Now let $0< \rho <r$. Then we have

$$ \int_{|z-z_0|= \rho} f(z) dz= a\int_{|z-z_0|= \rho} \frac{dz}{z-z_0}+\int_{|z-z_0|= \rho} g(z) dz.$$

Since $\int_{|z-z_0|= \rho} g(z) dz=0$ and $\int_{|z-z_0|= \rho}\frac{dz}{z-z_0}=2 \pi i$, we derive

$$ \int_{|z-z_0|= \rho} f(z) dz= a 2 \pi i \ne 0.$$

Answer 3

I prefer to look at this from the point of view of Cauchy's integral.

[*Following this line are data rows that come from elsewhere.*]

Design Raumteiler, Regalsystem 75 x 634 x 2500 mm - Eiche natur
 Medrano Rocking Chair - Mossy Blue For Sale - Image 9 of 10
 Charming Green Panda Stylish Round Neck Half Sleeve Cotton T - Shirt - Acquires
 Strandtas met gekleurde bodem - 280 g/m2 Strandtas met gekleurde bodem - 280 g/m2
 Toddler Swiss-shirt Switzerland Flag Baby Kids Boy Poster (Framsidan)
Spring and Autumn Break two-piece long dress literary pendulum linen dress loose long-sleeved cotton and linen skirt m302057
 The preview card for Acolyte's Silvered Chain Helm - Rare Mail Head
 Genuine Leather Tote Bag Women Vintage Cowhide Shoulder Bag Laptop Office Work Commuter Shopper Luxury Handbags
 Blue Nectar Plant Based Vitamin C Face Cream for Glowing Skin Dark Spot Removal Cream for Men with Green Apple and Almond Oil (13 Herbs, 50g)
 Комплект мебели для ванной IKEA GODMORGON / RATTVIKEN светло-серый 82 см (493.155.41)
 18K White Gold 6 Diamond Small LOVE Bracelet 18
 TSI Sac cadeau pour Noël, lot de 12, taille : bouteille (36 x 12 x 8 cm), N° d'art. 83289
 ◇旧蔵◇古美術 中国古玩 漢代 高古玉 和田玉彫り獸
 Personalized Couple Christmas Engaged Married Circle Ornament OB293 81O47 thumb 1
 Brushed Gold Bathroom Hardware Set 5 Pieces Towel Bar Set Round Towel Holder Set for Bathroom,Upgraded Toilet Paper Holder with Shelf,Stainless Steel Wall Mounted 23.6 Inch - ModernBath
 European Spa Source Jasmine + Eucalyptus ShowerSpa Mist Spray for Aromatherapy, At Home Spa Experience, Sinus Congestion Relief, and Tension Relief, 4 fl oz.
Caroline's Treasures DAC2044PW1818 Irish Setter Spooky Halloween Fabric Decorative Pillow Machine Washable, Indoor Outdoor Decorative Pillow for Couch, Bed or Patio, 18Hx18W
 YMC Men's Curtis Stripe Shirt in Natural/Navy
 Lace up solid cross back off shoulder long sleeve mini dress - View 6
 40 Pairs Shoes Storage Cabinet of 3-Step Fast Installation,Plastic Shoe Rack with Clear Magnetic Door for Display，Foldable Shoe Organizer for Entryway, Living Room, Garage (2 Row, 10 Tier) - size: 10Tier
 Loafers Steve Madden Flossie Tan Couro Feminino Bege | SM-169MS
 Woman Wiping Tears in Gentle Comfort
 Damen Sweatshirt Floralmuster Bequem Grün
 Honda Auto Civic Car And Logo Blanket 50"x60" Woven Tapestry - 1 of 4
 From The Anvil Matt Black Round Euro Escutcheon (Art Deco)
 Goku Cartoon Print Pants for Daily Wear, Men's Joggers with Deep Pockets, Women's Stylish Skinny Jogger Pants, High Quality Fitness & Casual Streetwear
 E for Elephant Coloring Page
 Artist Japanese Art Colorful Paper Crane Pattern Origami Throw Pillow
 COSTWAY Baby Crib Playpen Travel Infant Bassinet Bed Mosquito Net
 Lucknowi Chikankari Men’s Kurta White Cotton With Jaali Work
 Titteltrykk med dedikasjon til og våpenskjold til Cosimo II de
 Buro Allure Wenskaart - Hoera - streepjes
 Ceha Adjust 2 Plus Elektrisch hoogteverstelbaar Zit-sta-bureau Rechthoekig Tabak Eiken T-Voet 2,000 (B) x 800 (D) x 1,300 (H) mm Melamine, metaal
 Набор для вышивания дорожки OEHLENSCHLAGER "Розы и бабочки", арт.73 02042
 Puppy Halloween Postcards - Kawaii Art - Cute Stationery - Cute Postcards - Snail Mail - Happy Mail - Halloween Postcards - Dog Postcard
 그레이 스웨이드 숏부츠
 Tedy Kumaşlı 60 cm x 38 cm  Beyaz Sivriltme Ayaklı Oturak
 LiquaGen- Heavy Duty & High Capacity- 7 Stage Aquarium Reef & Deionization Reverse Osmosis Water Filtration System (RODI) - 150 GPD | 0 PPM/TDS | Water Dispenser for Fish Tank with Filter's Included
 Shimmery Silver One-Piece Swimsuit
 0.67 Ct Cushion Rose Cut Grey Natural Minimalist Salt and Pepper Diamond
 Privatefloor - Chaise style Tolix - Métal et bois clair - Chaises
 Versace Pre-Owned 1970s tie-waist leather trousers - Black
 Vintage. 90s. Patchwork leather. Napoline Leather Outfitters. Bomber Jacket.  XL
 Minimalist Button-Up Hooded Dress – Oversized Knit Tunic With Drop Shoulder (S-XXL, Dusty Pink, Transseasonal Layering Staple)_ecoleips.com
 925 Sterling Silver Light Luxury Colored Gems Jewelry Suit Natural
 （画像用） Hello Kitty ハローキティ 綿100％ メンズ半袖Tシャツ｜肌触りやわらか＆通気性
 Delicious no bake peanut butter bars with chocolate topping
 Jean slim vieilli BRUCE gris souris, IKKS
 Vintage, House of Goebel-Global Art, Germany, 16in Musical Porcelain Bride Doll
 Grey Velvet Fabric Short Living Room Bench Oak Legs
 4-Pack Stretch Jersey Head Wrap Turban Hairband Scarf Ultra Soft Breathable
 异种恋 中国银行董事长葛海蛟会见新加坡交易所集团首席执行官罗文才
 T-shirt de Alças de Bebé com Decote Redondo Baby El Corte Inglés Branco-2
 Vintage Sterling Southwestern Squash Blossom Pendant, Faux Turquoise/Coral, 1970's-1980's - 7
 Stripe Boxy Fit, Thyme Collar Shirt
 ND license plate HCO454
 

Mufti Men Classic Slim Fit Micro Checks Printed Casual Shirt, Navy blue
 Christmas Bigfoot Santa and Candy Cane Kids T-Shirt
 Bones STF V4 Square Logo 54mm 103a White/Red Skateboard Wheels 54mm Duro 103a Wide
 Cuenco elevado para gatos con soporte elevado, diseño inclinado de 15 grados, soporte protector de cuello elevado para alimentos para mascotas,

Cauchy's integral: Let $f$ be analytic around the origin, then $$ f(v) = \oint\frac{f(z)}{z-v}dz $$ if everything is taken in the domain of analyticity and $v$ is enclosed by the contour of integration. We can differentiate this relation and we get $$ f^{(n)}(v) = \oint\frac{n!f(z)}{(z-v)^{n+1}}dz. $$ This implies that $$ f^{(n)}(0) = \oint\frac{n!f(z)}{z^{n+1}}dz $$ which can be rewritten as $$ \oint\frac{f(z)}{z^{n+1}}dz = \frac{f^{(n)}(0)}{n!} $$ Now let $f$ be constant, $f(v)=c$ then we have $$ \oint\frac{f(z)}{z^{n+1}}dz = \oint\frac{c}{z^{n+1}}dz = \frac{f^{(n)}(0)}{n!}. $$ This means that unless $n=0$, the integral vanishes.